Monday, August 31, 2009

Fishy Business



The problem with much of “Brit-Art”, and current Art in general, stems from a confusion between Creativity and Originality.  These terms are not synonymous.  We could change them slightly and call them “Having Something To Say” and “Novelty”.  In these terms, novelty is a relatively trivial thing; it could be a new sweet, a new hair colour, or a new way to sell soap.  It is rarely original, though it is quite often a synthesis between two or more existing objects or ideas.

Let us think about Damien Hirst’s shark.  For the moment forget what it’s called.  It’s a big dead shark pickled and hanging in formaldehyde in a big glass tank.  It’s novel as far as Art Galleries go.  You might expect to see it in a Museum.  But does it have anything to say to us?  Apart, of course, from “ooh, I’m a big dead shark”.  No.  It is not an object with any profundity, any more than stuff you can see hanging in a Butcher’s Shop or on a Fishmonger’s slab. 

Now let us consider the title.  It’s called “The Physical Impossibility of Death in the Mind of Someone Living”.  Does this alter the way we see the dead shark?  Does it refer to the death of the shark or the death of the viewer of the shark?  If we, for the sake of argument, say that the title makes a difference to the way we perceive the dead fish, precisely why does it do that?  Are we then saying that the shark, as a work of Art, is dependent on words to give it meaning?  If so, which could we dispense with more easily without losing the sense of the piece - the shark or the words?  I’d say the shark.  It has become redundant because of the words, which somewhat clumsily posit a powerful facet of human existence.  I would argue that if, as an Art object in itself, the shark in the tank was the result of the “creative impulse” - for want of a better term -  this would not be the case.
It is hard to think of another work of Art which both utterly depends upon, and is subverted by, its title.  Dali’s title “La Montre Molle” is at least witty and rude; Magritte’s “Ceci n’est pas un pipe” has the virtue of being a rude pun; “Duchamp’s “Fountain” is interestingly accurate.  But “The Physical Impossibility of Death in the Mind of Someone Living”?  Too many words, too much adolescent profundity.

The following is lifted from Wikipedia on 31st August 2009:
Referring to another of Hirst’s works, “Away from the Flock” (a sheep in a tank of formaldehyde), Brian Sewell said, "I don't think of it as art ... It is no more interesting than a stuffed pike over a pub door. Indeed there may well be more art in a stuffed pike than a dead sheep."

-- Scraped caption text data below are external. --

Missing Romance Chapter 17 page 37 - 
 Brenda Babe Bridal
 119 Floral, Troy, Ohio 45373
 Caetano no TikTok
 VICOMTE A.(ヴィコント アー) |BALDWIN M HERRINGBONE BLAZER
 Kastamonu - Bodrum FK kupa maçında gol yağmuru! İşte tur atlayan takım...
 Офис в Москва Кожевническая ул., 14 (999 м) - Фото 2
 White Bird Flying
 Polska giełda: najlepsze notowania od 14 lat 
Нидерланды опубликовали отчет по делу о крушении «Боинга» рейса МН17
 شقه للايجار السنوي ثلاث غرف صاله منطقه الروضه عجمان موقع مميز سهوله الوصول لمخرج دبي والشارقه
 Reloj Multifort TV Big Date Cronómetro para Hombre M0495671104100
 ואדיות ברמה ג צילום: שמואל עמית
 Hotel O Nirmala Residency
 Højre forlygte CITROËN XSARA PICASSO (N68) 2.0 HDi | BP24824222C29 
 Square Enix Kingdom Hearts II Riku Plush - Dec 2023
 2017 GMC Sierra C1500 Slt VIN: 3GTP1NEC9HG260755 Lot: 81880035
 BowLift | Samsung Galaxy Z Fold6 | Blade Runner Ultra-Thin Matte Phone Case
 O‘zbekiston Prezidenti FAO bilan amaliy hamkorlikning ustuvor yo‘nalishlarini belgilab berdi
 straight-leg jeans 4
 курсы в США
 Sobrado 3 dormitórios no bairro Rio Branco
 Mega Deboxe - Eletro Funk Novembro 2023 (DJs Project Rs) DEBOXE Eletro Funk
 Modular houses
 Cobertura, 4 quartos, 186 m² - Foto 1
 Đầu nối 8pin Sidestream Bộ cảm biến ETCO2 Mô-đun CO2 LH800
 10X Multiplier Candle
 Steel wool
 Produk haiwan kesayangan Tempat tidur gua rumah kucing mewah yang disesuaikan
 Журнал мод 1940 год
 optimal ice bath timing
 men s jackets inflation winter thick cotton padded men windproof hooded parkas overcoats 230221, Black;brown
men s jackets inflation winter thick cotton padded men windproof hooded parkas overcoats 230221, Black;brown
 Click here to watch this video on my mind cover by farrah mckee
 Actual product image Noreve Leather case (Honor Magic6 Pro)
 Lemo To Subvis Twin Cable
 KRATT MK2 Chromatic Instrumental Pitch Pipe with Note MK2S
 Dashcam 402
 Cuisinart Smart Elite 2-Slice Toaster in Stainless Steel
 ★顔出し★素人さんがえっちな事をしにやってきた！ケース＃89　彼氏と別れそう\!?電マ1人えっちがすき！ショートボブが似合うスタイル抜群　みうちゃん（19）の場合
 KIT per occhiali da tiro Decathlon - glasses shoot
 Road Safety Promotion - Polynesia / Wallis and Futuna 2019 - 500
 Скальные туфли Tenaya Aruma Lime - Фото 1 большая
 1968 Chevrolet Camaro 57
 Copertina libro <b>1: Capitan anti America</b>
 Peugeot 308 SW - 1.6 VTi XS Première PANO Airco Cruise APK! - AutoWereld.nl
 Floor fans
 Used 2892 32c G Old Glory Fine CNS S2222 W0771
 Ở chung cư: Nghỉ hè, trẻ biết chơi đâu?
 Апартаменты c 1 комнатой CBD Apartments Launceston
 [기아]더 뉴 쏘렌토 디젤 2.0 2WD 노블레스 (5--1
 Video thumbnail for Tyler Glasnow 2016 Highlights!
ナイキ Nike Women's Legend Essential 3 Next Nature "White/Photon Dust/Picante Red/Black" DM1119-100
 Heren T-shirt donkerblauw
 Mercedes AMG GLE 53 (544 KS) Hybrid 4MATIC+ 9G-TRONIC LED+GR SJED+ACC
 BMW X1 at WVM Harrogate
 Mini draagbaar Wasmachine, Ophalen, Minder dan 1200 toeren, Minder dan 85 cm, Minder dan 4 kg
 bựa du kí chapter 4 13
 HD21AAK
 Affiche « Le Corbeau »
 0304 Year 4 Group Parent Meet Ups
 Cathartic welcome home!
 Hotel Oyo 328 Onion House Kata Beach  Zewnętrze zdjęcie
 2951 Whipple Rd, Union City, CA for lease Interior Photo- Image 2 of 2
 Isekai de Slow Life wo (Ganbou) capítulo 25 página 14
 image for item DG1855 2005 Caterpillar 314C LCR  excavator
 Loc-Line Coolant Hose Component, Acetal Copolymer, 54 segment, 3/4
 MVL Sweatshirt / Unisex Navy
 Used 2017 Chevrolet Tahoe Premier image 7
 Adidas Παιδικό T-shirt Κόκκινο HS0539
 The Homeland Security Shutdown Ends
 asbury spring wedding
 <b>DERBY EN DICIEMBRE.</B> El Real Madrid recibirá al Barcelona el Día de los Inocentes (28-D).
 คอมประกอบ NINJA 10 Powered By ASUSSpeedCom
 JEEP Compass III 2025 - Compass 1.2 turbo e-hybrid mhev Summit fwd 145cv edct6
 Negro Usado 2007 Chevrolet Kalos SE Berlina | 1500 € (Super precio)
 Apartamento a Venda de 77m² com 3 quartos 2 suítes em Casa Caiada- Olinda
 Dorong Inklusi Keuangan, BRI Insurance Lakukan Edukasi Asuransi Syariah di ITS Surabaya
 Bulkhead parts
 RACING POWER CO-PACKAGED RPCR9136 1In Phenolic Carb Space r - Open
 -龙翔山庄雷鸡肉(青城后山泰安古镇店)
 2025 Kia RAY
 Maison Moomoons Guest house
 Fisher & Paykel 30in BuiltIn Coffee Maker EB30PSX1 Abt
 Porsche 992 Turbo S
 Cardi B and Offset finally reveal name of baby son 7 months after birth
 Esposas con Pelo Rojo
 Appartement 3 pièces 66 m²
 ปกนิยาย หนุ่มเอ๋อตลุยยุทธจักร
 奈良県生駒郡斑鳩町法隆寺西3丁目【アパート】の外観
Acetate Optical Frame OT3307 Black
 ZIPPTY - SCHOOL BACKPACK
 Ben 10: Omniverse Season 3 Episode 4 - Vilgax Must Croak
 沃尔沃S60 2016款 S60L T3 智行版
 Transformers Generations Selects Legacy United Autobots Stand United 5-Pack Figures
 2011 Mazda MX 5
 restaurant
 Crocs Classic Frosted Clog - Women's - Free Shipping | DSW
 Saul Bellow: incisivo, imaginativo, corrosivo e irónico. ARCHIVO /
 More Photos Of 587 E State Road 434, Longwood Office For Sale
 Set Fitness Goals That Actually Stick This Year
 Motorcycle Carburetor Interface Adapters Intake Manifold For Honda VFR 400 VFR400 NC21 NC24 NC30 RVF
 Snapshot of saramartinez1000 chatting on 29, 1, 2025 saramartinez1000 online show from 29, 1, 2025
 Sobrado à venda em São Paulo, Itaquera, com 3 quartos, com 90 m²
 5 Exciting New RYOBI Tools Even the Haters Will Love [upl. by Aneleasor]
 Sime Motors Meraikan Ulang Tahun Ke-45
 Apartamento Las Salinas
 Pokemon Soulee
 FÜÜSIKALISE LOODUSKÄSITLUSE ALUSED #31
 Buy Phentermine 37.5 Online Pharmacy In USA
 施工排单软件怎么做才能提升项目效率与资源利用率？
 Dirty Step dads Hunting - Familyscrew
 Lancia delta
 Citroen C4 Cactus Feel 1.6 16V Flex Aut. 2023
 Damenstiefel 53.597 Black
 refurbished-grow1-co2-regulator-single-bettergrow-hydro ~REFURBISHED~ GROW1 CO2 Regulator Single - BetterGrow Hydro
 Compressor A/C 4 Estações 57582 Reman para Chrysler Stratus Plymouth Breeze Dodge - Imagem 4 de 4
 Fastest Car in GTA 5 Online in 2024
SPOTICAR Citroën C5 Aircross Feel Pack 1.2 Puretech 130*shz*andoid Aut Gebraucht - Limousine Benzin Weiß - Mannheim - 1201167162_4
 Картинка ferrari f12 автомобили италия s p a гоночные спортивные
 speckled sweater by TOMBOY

In 2003, under the title A Dead Shark Isn't Art, the Stuckism International Gallery exhibited a shark which had first been put on public display two years before Hirst's by Eddie Saunders in his Shoreditch shop, JD Electrical Supplies. Thomson asked, "If Hirst’s shark is recognised as great art, then how come Eddie’s, which was on exhibition for two years beforehand, isn’t? Do we perhaps have here an undiscovered artist of genius, who got there first, or is it that a dead shark isn’t art at all?"* The Stuckists suggested that Hirst may have got the idea for his work from Saunders' shop display.

So if anyone out there is prepared to defend the poor old shark, please comment.